Input for this task:
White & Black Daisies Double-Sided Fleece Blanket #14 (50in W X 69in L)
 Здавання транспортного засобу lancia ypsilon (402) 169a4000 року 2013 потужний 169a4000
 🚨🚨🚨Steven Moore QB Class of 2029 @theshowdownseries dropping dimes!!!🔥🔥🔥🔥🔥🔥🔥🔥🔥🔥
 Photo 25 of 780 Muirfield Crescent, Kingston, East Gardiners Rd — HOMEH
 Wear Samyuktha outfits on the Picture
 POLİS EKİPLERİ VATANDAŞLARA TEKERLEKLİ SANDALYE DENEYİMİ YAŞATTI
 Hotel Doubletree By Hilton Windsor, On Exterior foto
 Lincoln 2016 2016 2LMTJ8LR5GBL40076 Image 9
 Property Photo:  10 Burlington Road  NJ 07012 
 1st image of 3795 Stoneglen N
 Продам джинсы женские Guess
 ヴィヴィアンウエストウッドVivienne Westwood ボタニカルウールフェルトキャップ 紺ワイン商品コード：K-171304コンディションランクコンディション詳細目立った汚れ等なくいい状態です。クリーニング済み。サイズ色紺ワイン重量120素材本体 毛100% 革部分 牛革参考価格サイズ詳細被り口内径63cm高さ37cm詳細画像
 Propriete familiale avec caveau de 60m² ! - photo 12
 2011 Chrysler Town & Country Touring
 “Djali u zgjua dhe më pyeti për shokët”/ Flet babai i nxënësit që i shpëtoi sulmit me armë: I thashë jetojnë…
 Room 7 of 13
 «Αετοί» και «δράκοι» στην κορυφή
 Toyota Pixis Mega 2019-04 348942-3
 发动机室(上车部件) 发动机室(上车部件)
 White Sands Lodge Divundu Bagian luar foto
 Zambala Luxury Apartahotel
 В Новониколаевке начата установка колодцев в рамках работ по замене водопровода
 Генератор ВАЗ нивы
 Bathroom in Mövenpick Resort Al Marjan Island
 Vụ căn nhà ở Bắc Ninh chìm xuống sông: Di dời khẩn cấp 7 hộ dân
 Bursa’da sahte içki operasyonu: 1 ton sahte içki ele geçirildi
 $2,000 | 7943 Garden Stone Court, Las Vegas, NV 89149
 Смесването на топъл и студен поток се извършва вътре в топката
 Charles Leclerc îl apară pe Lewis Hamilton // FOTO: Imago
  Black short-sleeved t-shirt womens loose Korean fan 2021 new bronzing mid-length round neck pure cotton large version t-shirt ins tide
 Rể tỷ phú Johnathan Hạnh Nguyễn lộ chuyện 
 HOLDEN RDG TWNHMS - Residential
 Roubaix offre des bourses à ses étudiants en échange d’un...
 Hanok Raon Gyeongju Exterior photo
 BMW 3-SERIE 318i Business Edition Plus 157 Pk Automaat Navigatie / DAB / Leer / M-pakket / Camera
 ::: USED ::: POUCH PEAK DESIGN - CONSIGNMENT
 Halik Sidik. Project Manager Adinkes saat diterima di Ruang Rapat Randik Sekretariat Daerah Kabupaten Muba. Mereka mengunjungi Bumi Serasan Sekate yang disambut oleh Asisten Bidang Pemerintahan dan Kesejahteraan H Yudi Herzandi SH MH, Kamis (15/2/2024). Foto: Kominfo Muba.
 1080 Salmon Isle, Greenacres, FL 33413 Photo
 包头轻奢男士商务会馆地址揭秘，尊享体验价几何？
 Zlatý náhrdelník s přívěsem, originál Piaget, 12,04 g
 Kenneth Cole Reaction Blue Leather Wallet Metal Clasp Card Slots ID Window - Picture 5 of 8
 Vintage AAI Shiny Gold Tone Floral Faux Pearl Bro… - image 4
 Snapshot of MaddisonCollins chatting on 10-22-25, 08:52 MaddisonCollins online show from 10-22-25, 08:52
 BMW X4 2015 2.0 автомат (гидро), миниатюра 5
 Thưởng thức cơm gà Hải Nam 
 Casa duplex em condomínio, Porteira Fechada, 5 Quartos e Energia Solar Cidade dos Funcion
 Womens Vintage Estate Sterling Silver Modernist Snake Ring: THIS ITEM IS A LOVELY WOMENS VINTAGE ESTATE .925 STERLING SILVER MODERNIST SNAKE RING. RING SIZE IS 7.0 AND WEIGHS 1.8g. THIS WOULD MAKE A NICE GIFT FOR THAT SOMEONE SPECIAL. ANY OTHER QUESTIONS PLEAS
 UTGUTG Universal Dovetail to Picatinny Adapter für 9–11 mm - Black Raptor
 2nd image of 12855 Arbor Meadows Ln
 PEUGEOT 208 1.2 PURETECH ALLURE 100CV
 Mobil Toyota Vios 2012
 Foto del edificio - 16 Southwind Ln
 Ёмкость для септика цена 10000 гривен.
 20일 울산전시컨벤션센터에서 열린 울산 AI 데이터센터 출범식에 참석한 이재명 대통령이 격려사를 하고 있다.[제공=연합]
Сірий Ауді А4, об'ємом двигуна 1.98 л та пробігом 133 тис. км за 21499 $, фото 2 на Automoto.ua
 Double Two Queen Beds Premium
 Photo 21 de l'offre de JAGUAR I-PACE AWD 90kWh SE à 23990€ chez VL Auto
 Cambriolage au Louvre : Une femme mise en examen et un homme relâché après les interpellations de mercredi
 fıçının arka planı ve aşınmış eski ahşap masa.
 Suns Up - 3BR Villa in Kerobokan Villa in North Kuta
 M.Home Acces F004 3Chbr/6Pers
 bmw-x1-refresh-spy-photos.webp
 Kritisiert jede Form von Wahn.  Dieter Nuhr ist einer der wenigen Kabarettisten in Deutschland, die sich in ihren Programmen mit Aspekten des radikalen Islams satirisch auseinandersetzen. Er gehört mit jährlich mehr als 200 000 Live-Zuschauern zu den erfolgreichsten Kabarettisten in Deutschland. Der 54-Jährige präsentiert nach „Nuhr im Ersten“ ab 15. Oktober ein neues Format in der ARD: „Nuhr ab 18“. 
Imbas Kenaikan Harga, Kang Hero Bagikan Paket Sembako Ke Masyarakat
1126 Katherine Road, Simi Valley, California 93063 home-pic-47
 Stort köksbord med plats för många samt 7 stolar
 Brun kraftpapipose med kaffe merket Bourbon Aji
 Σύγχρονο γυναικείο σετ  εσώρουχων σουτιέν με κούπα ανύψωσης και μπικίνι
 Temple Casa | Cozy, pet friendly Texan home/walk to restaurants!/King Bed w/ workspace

What needs to be done: Retype the records in their entirety, matching each one exactly.

Solution to this task:
White & Black Daisies Double-Sided Fleece Blanket #14 (50in W X 69in L)
 Здавання транспортного засобу lancia ypsilon (402) 169a4000 року 2013 потужний 169a4000
 🚨🚨🚨Steven Moore QB Class of 2029 @theshowdownseries dropping dimes!!!🔥🔥🔥🔥🔥🔥🔥🔥🔥🔥
 Photo 25 of 780 Muirfield Crescent, Kingston, East Gardiners Rd — HOMEH
 Wear Samyuktha outfits on the Picture
 POLİS EKİPLERİ VATANDAŞLARA TEKERLEKLİ SANDALYE DENEYİMİ YAŞATTI
 Hotel Doubletree By Hilton Windsor, On Exterior foto
 Lincoln 2016 2016 2LMTJ8LR5GBL40076 Image 9
 Property Photo:  10 Burlington Road  NJ 07012 
 1st image of 3795 Stoneglen N
 Продам джинсы женские Guess
 ヴィヴィアンウエストウッドVivienne Westwood ボタニカルウールフェルトキャップ 紺ワイン商品コード：K-171304コンディションランクコンディション詳細目立った汚れ等なくいい状態です。クリーニング済み。サイズ色紺ワイン重量120素材本体 毛100% 革部分 牛革参考価格サイズ詳細被り口内径63cm高さ37cm詳細画像
 Propriete familiale avec caveau de 60m² ! - photo 12
 2011 Chrysler Town & Country Touring
 “Djali u zgjua dhe më pyeti për shokët”/ Flet babai i nxënësit që i shpëtoi sulmit me armë: I thashë jetojnë…
 Room 7 of 13
 «Αετοί» και «δράκοι» στην κορυφή
 Toyota Pixis Mega 2019-04 348942-3
 发动机室(上车部件) 发动机室(上车部件)
 White Sands Lodge Divundu Bagian luar foto
 Zambala Luxury Apartahotel
 В Новониколаевке начата установка колодцев в рамках работ по замене водопровода
 Генератор ВАЗ нивы
 Bathroom in Mövenpick Resort Al Marjan Island
 Vụ căn nhà ở Bắc Ninh chìm xuống sông: Di dời khẩn cấp 7 hộ dân
 Bursa’da sahte içki operasyonu: 1 ton sahte içki ele geçirildi
 $2,000 | 7943 Garden Stone Court, Las Vegas, NV 89149
 Смесването на топъл и студен поток се извършва вътре в топката
 Charles Leclerc îl apară pe Lewis Hamilton // FOTO: Imago
  Black short-sleeved t-shirt womens loose Korean fan 2021 new bronzing mid-length round neck pure cotton large version t-shirt ins tide
 Rể tỷ phú Johnathan Hạnh Nguyễn lộ chuyện 
 HOLDEN RDG TWNHMS - Residential
 Roubaix offre des bourses à ses étudiants en échange d’un...
 Hanok Raon Gyeongju Exterior photo
 BMW 3-SERIE 318i Business Edition Plus 157 Pk Automaat Navigatie / DAB / Leer / M-pakket / Camera
 ::: USED ::: POUCH PEAK DESIGN - CONSIGNMENT
 Halik Sidik. Project Manager Adinkes saat diterima di Ruang Rapat Randik Sekretariat Daerah Kabupaten Muba. Mereka mengunjungi Bumi Serasan Sekate yang disambut oleh Asisten Bidang Pemerintahan dan Kesejahteraan H Yudi Herzandi SH MH, Kamis (15/2/2024). Foto: Kominfo Muba.
 1080 Salmon Isle, Greenacres, FL 33413 Photo
 包头轻奢男士商务会馆地址揭秘，尊享体验价几何？
 Zlatý náhrdelník s přívěsem, originál Piaget, 12,04 g
 Kenneth Cole Reaction Blue Leather Wallet Metal Clasp Card Slots ID Window - Picture 5 of 8
 Vintage AAI Shiny Gold Tone Floral Faux Pearl Bro… - image 4
 Snapshot of MaddisonCollins chatting on 10-22-25, 08:52 MaddisonCollins online show from 10-22-25, 08:52
 BMW X4 2015 2.0 автомат (гидро), миниатюра 5
 Thưởng thức cơm gà Hải Nam 
 Casa duplex em condomínio, Porteira Fechada, 5 Quartos e Energia Solar Cidade dos Funcion
 Womens Vintage Estate Sterling Silver Modernist Snake Ring: THIS ITEM IS A LOVELY WOMENS VINTAGE ESTATE .925 STERLING SILVER MODERNIST SNAKE RING. RING SIZE IS 7.0 AND WEIGHS 1.8g. THIS WOULD MAKE A NICE GIFT FOR THAT SOMEONE SPECIAL. ANY OTHER QUESTIONS PLEAS
 UTGUTG Universal Dovetail to Picatinny Adapter für 9–11 mm - Black Raptor
 2nd image of 12855 Arbor Meadows Ln
 PEUGEOT 208 1.2 PURETECH ALLURE 100CV
 Mobil Toyota Vios 2012
 Foto del edificio - 16 Southwind Ln
 Ёмкость для септика цена 10000 гривен.
 20일 울산전시컨벤션센터에서 열린 울산 AI 데이터센터 출범식에 참석한 이재명 대통령이 격려사를 하고 있다.[제공=연합]
Сірий Ауді А4, об'ємом двигуна 1.98 л та пробігом 133 тис. км за 21499 $, фото 2 на Automoto.ua
 Double Two Queen Beds Premium
 Photo 21 de l'offre de JAGUAR I-PACE AWD 90kWh SE à 23990€ chez VL Auto
 Cambriolage au Louvre : Une femme mise en examen et un homme relâché après les interpellations de mercredi
 fıçının arka planı ve aşınmış eski ahşap masa.
 Suns Up - 3BR Villa in Kerobokan Villa in North Kuta
 M.Home Acces F004 3Chbr/6Pers
 bmw-x1-refresh-spy-photos.webp
 Kritisiert jede Form von Wahn.  Dieter Nuhr ist einer der wenigen Kabarettisten in Deutschland, die sich in ihren Programmen mit Aspekten des radikalen Islams satirisch auseinandersetzen. Er gehört mit jährlich mehr als 200 000 Live-Zuschauern zu den erfolgreichsten Kabarettisten in Deutschland. Der 54-Jährige präsentiert nach „Nuhr im Ersten“ ab 15. Oktober ein neues Format in der ARD: „Nuhr ab 18“. 
Imbas Kenaikan Harga, Kang Hero Bagikan Paket Sembako Ke Masyarakat
1126 Katherine Road, Simi Valley, California 93063 home-pic-47
 Stort köksbord med plats för många samt 7 stolar
 Brun kraftpapipose med kaffe merket Bourbon Aji
 Σύγχρονο γυναικείο σετ  εσώρουχων σουτιέν με κούπα ανύψωσης και μπικίνι
 Temple Casa | Cozy, pet friendly Texan home/walk to restaurants!/King Bed w/ workspace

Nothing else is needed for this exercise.